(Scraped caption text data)

========

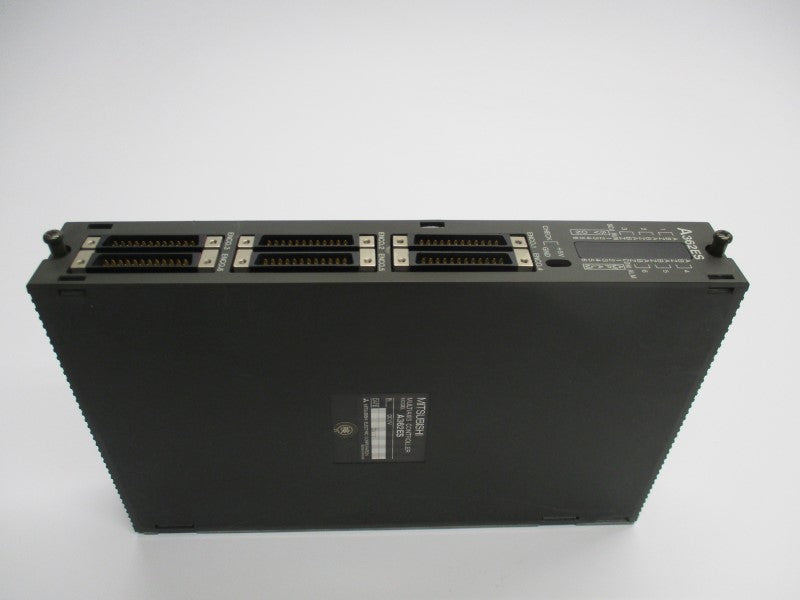 MITSUBISHI A362ES UNMP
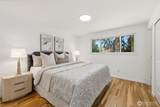 2408 164th Avenue - Photo 12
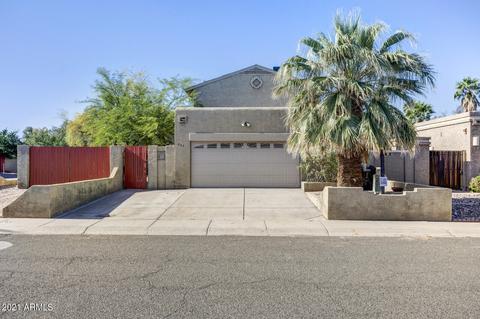 947 Escuda Dr, Phoenix, AZ 85024 photo 1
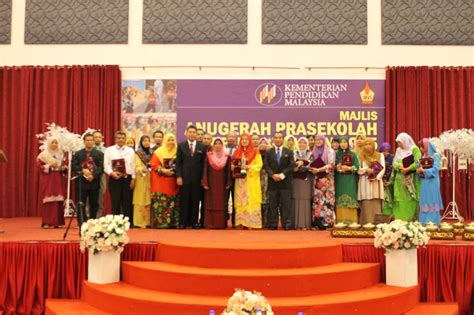 80604 johor johor tel jabatan pendidikan negeri kelantan. Prasekolah Jabatan Pendidikan Negeri Sembilan: Majlis ...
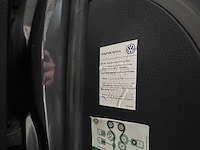 Volkswagen - polo - 1.4-16v turijn - 06-sf-jr - afbeelding 11 van  19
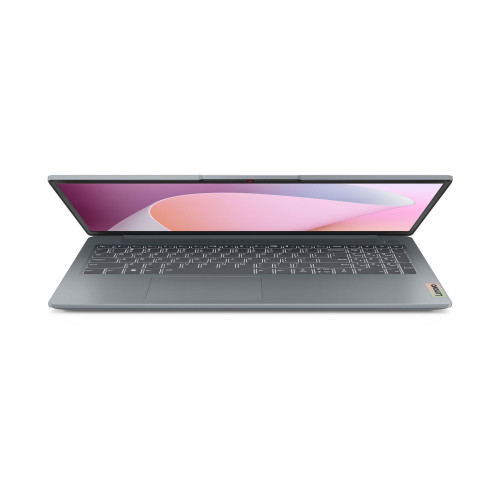 Ноутбук Lenovo IdeaPad Slim 3-15AMN8 15.6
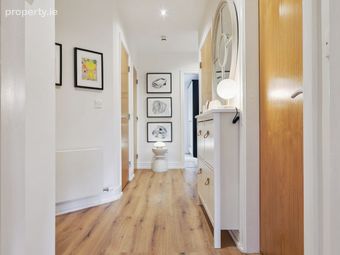 Apartment 38, Block D, Boden Heath, Ballyboden, Rathfarnham, Dublin 16 - Image 3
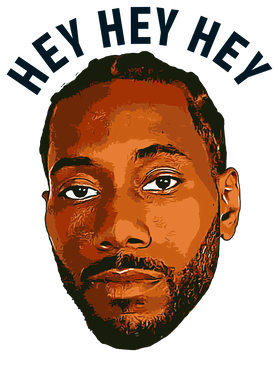 https://s3.us-west-1.wasabisys.com/ecart-content/papatshirt.com/overlays/398/836/39883615.png img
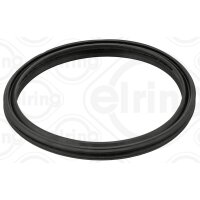 ELRING 066.790 Dichtung, Ansaugkrümmer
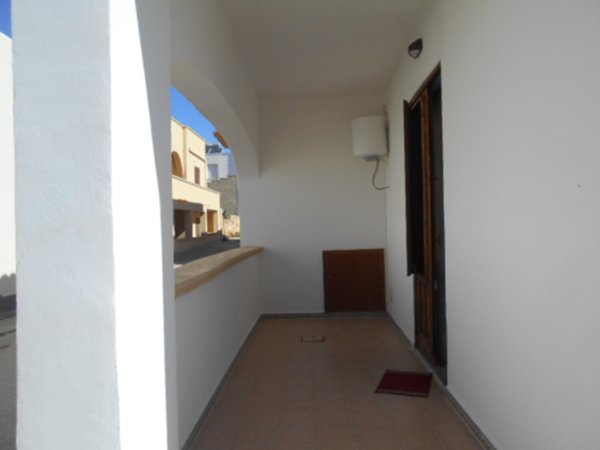 casa indipendente in affitto a Campobello di Mazara in zona Tre Fontane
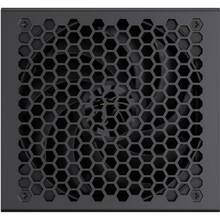 Блок живлення GAMEMAX 600W 600B Black (GM 600B Fully-modular New)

========

▶ **Problem requirements**
Once the pictures are set aside, repeat the data above exactly.

▶ **Written answer**
 MITSUBISHI A362ES UNMP
 2408 164th Avenue - Photo 12
 947 Escuda Dr, Phoenix, AZ 85024 photo 1
 80604 johor johor tel jabatan pendidikan negeri kelantan. Prasekolah Jabatan Pendidikan Negeri Sembilan: Majlis ...
 Volkswagen - polo - 1.4-16v turijn - 06-sf-jr - afbeelding 11 van  19
 Ноутбук Lenovo IdeaPad Slim 3-15AMN8 15.6
 Apartment 38, Block D, Boden Heath, Ballyboden, Rathfarnham, Dublin 16 - Image 3
 https://s3.us-west-1.wasabisys.com/ecart-content/papatshirt.com/overlays/398/836/39883615.png img
 ELRING 066.790 Dichtung, Ansaugkrümmer
 casa indipendente in affitto a Campobello di Mazara in zona Tre Fontane
 Блок живлення GAMEMAX 600W 600B Black (GM 600B Fully-modular New)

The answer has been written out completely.